User-level thread library is the interface for applications to operating system communications
OS is an interface between the hardware and application programs
Generally, the system calls are functions written in C and C++
Open, Close, Read, Write are some of the most prominently used system calls
Signals is a mechanism for the operating system to pass notifications to the applications

Ans:

T
F         // not answers, but based on the answer of
F         // from user mode to kernel mode with no privilege
F         // system calls are the interfaces
T         // apps <-> syscalls <-> OS <-> hardwares
T
T
T

Example 1-3. Fill in the blanks of with Monolithic, Modular, and Microkernel.
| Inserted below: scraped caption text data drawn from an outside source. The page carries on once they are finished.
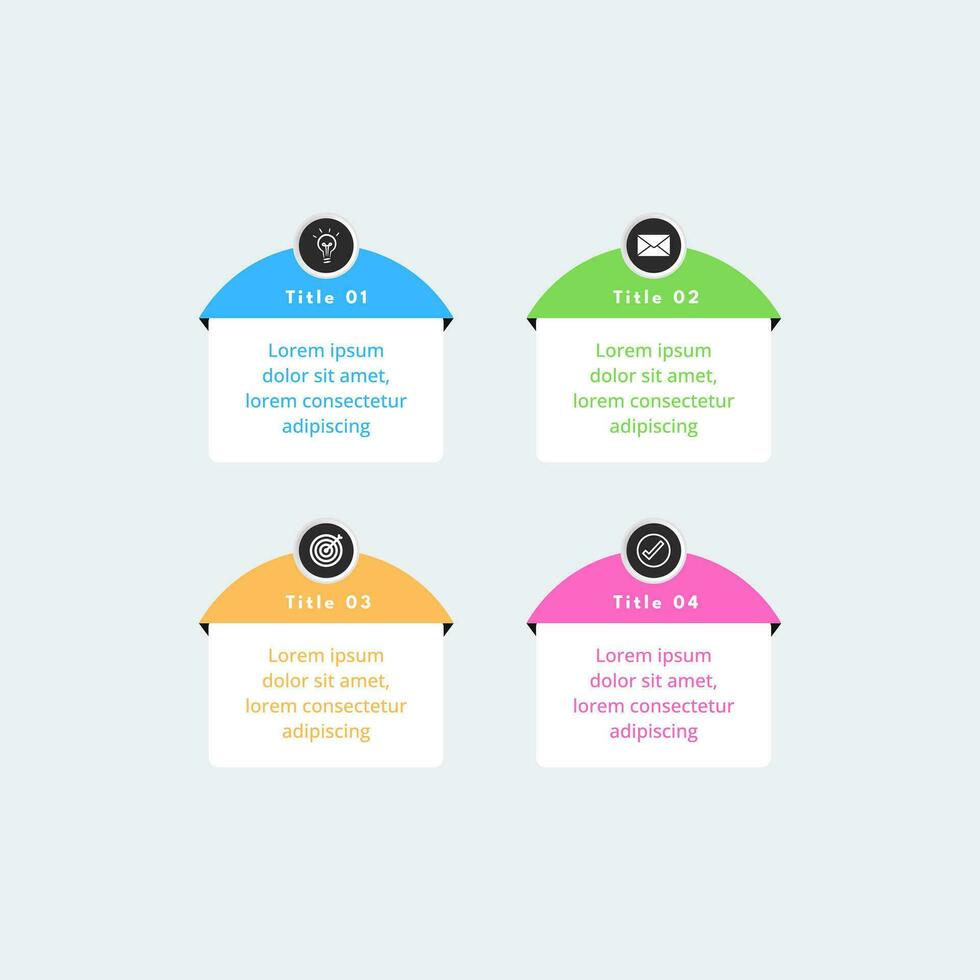 Minimal infographic design template for business and education with options and steps vector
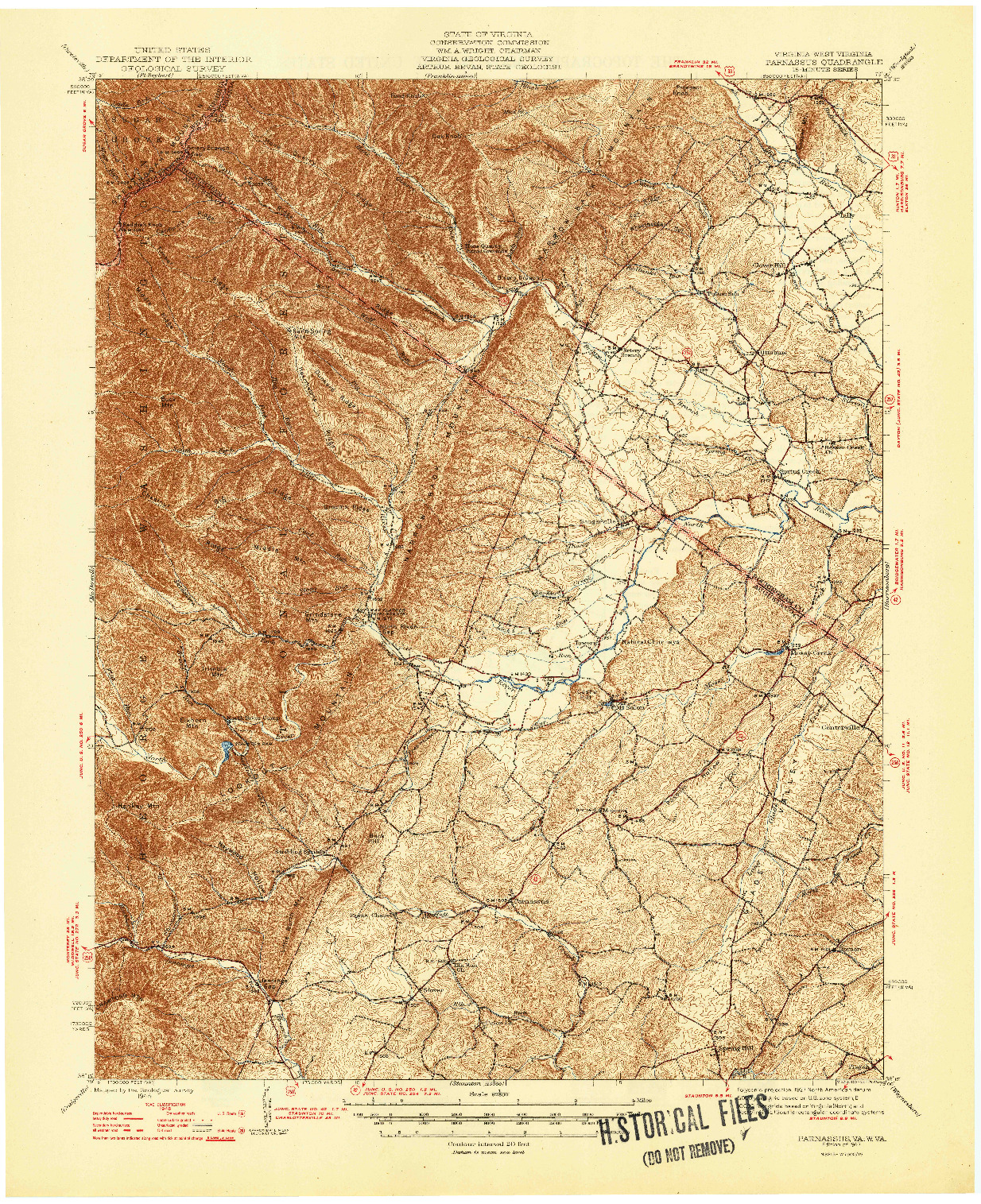 USGS 1:62500-SCALE QUADRANGLE FOR PARNASSUS, VA 1947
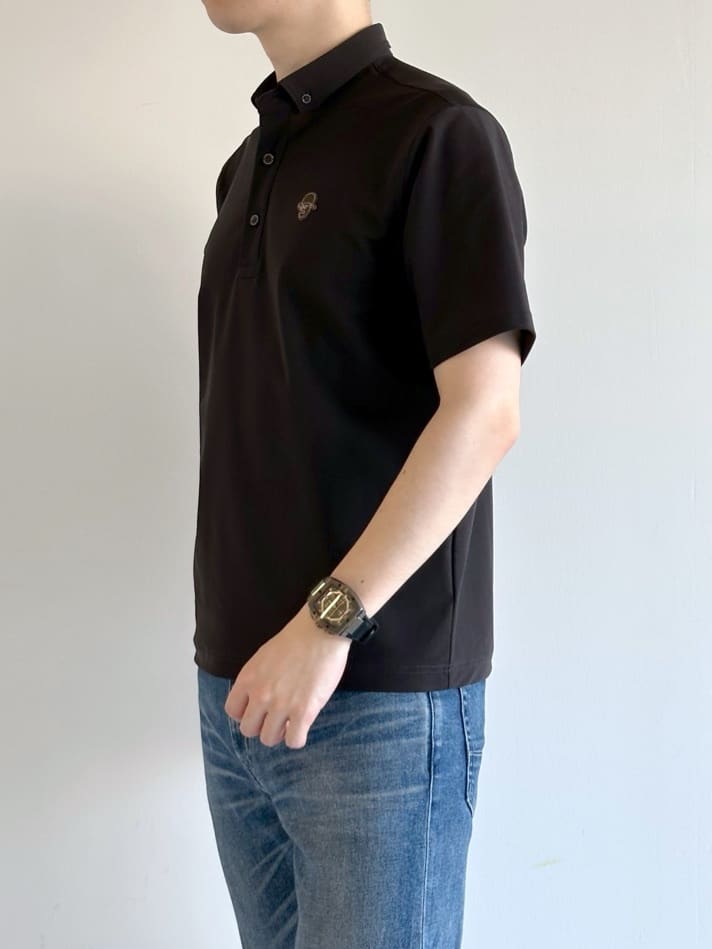 イッシーさんの「TAKEO KIKUCHI｜【COOL CITY WEAR】エアートール ポロシャツ /接触冷感・通気性」を使ったコーディネート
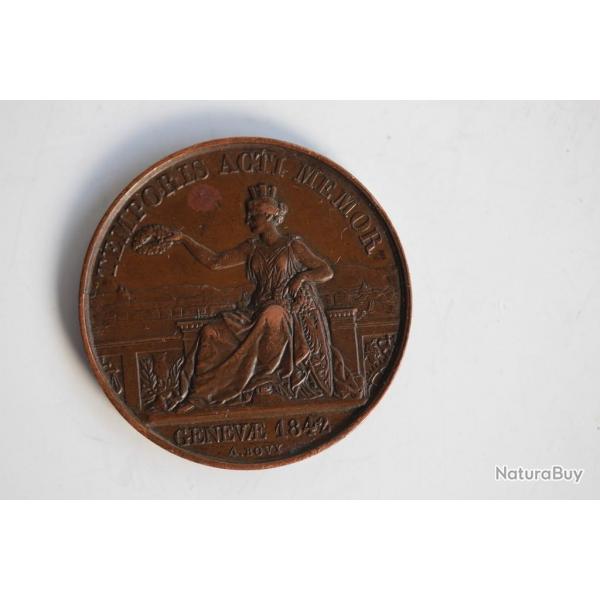 Mdaille Hommage aux Sindics et Conseillers d'tat Suisse 1842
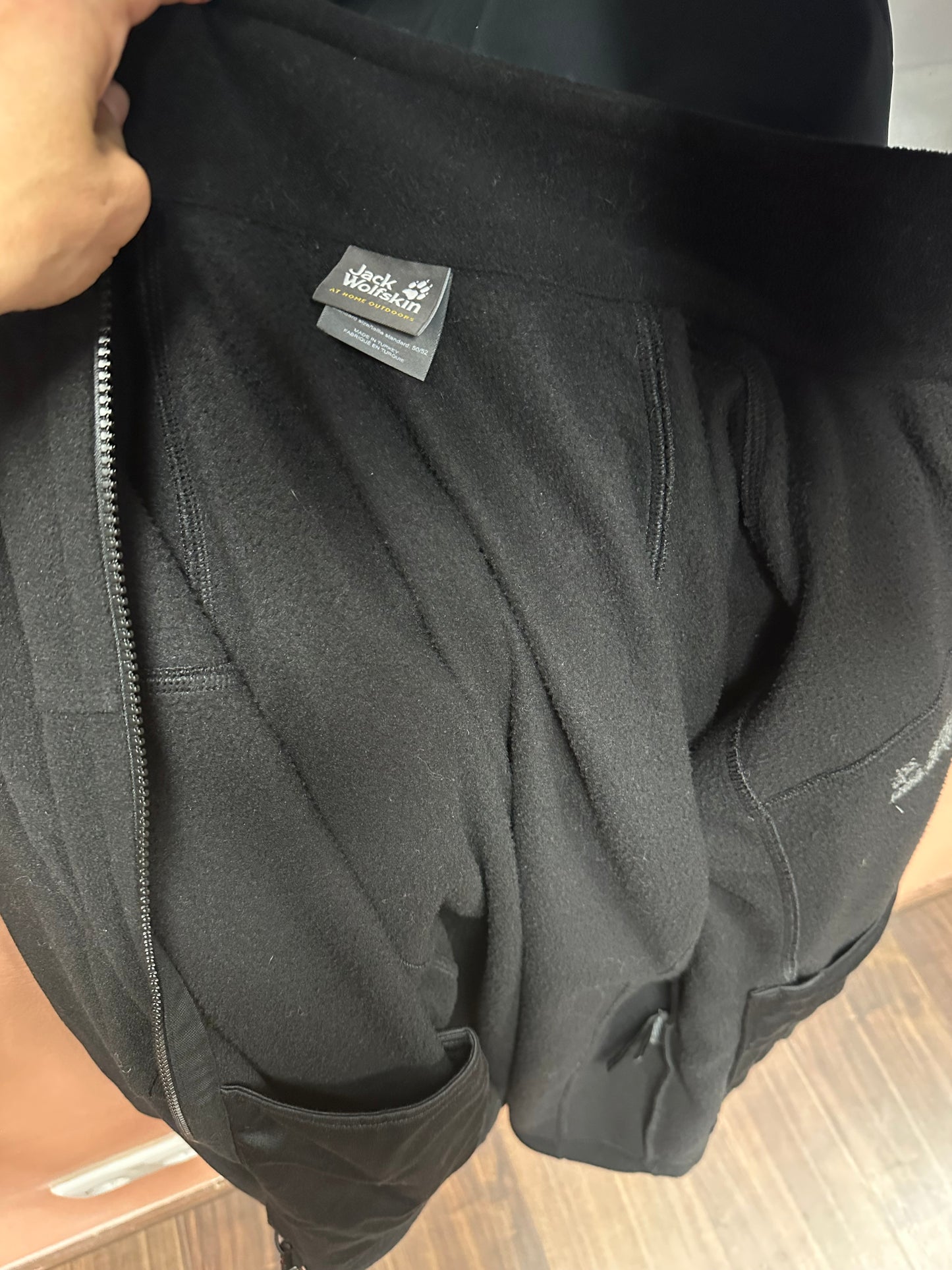 Fleece Jacke Jack Wolfskin (L Herren) Zipper Midlayer schwarz
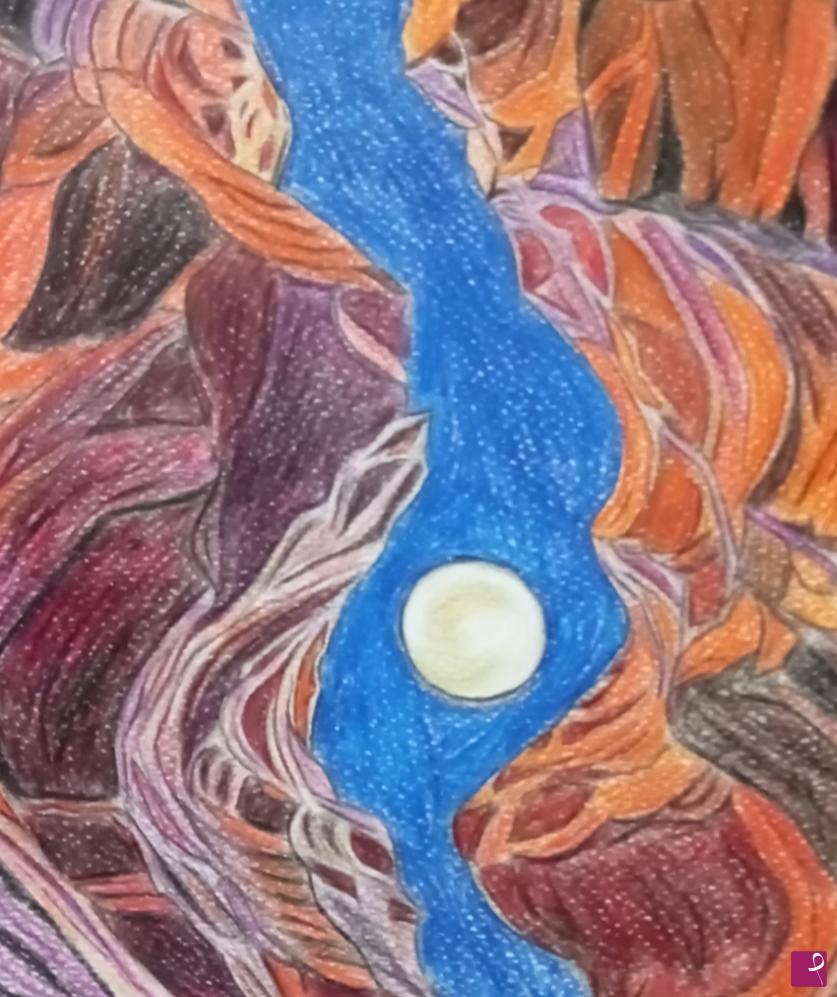 quadri in vendita online - "Antelope Canyon:luna tra le rocce"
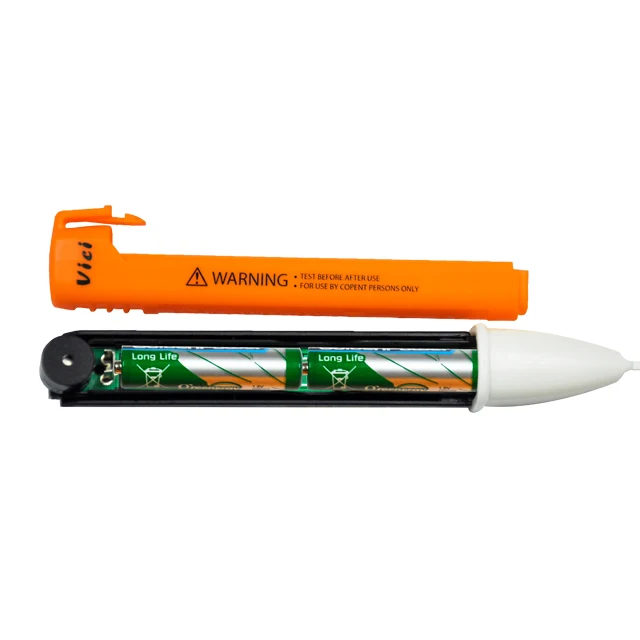 90-1000V Pocket Pen Type Non-contact AC Voltage Detector with Buzzer and Flashlight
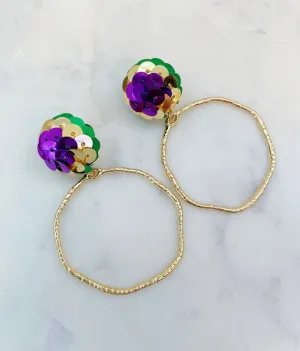 Sequin earrings
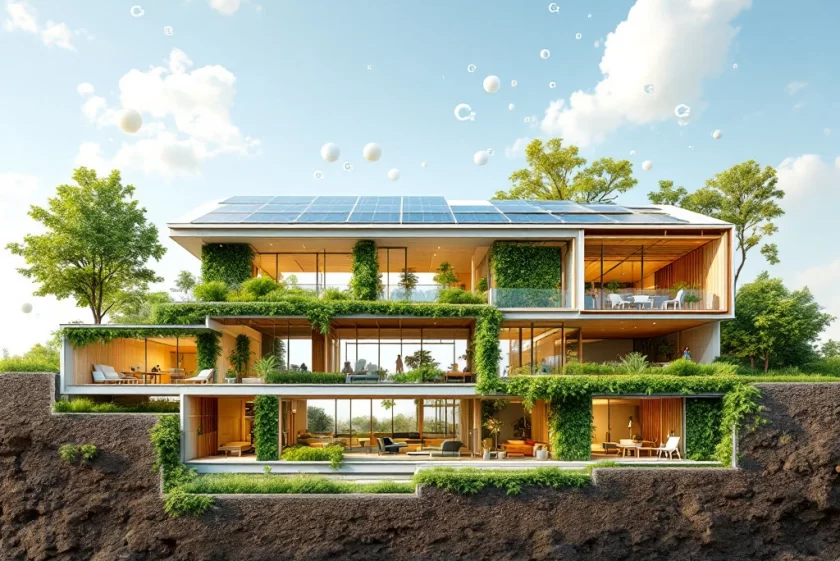 Hoe wordt de CO2-voetafdruk verminderd bij duurzaam bouwen?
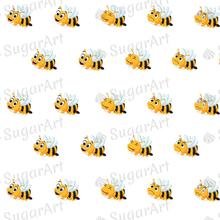 Sugar Art - Transfersheet Tiny Bees and Honeycomb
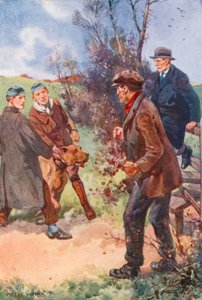 Der Mann zog sich mit einem unangenehmen Lachen zurück, seine Augen immer noch auf den Hund gerichtet von after Archibald Bertram Webb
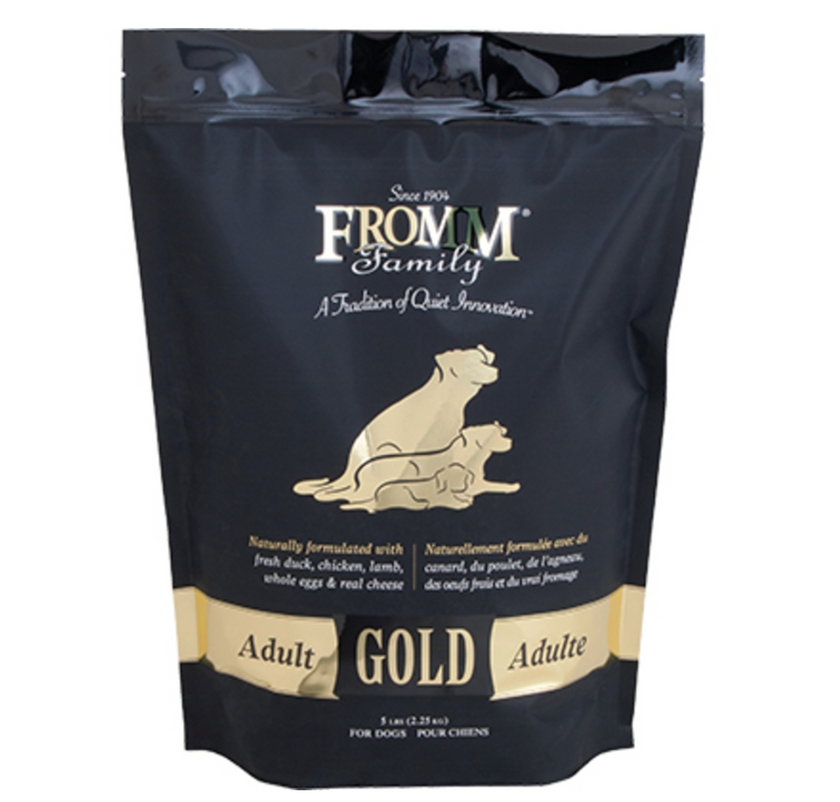 Fromm Gold Adult Dry Dog Food - Supports Digestion, Lean Muscle & Complete Nutrition, 5 lbs Bag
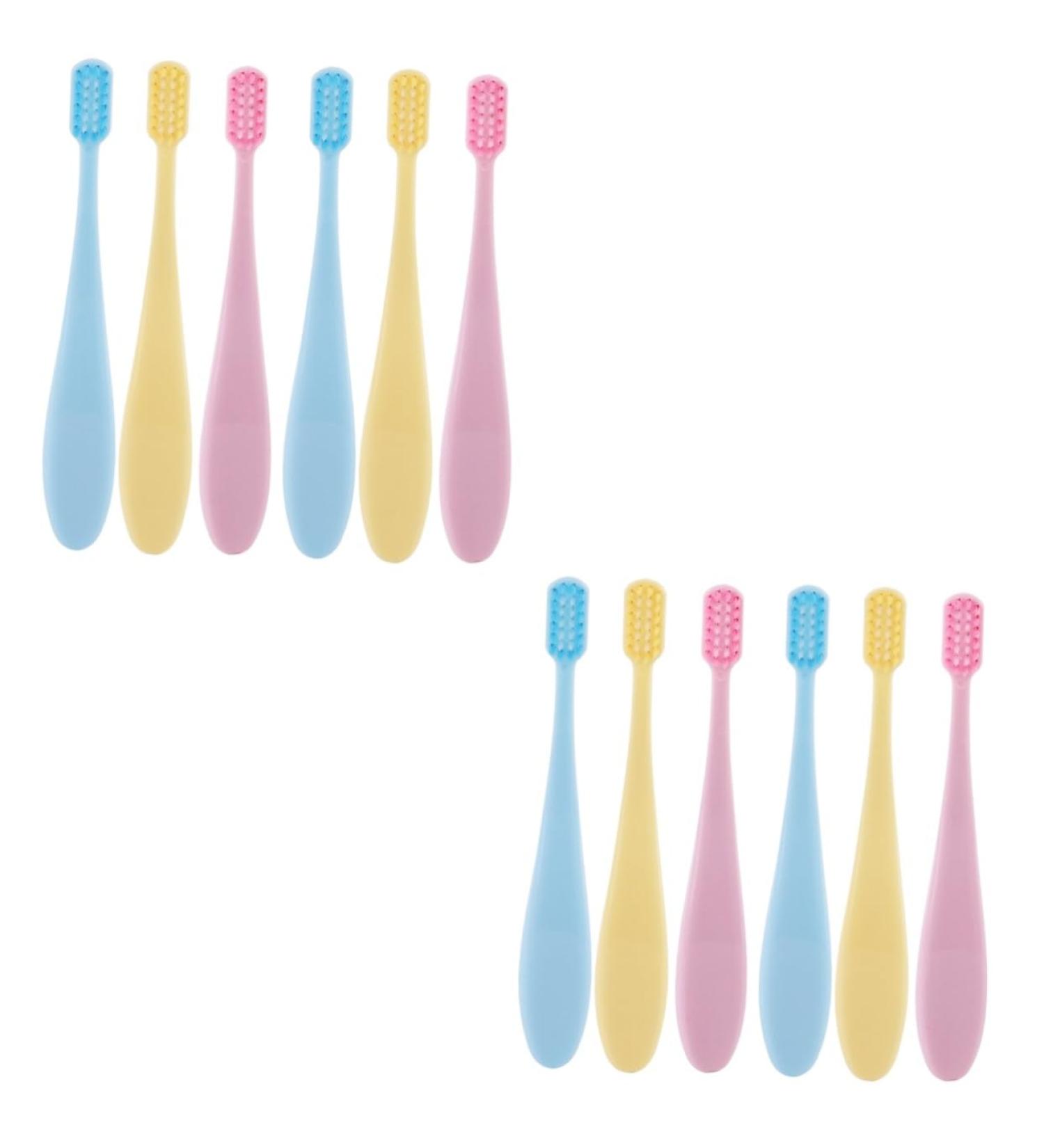 Mobestech 12-Part Maternity & Children's Toothbrush Set - Travel & Training Brushes for Baby Oral Care - Buy Online on GoSupps.com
Size: ____________ > _____________ > _____________
Resource-intensive: ____________ > _____________ > _____________
Portablility: ____________ > _____________ > _____________

Ans:

Size: Monolithic > Modular > Microkernel
Resource-intensive: Monolithic > Modular > Microkernel
Portablility: Modular > Monolithic > Microkernel

Example 1-4. For the following options, indicate if they are examples of abstraction (B) or arbitration (R).

Allocate CPU time for different user-level threads
Distributing memory between multiple processes
Supporting different types of speakers
Interchangeable access of a hard disk or SSD
Arbitrate access to a shared device

Ans:

R              // because OS can directly allocate CPU time
R              // because OS can directly allocate memory
B              // OS uses drivers for abstracting different speakers
B              // OS uses file abstraction for access a hard disk
R              // an arbitrate access means a direct access

The key for answer this type of question is that you need to determine whether the OS abstracts a hardware or it accesses the hardware directly or arbitrarily.

Example 1-5. Which of the following are likely components of an OS? Check all that apply.

[ ] File editor
[ ] File system
[ ] Device driver
[ ] Cache memory
[ ] Web browser
[ ] Schedular

Ans:

[ ] File editor
[✓] File system
[✓] Device driver
[ ] Cache memory
[ ] Web browser
[✓] Schedular

Note that OS can not directly manage cache and it is actually managed by the hardware.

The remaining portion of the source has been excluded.